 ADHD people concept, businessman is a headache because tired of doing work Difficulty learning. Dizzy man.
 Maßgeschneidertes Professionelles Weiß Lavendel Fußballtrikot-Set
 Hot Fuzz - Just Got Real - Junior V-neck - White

● ● ● ● ● ● ●

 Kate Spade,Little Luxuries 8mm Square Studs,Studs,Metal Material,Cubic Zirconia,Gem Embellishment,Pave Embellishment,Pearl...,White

● ● ● ● ● ● ●

(Required action): The lines above from the one with "Maßgeschneidertes Professionelles Weiß" through the one with "Hot Fuzz - Just" are to be duplicated exactly, ends included, with nothing added.

(Answer section):
 Maßgeschneidertes Professionelles Weiß Lavendel Fußballtrikot-Set
 Hot Fuzz - Just Got Real - Junior V-neck - White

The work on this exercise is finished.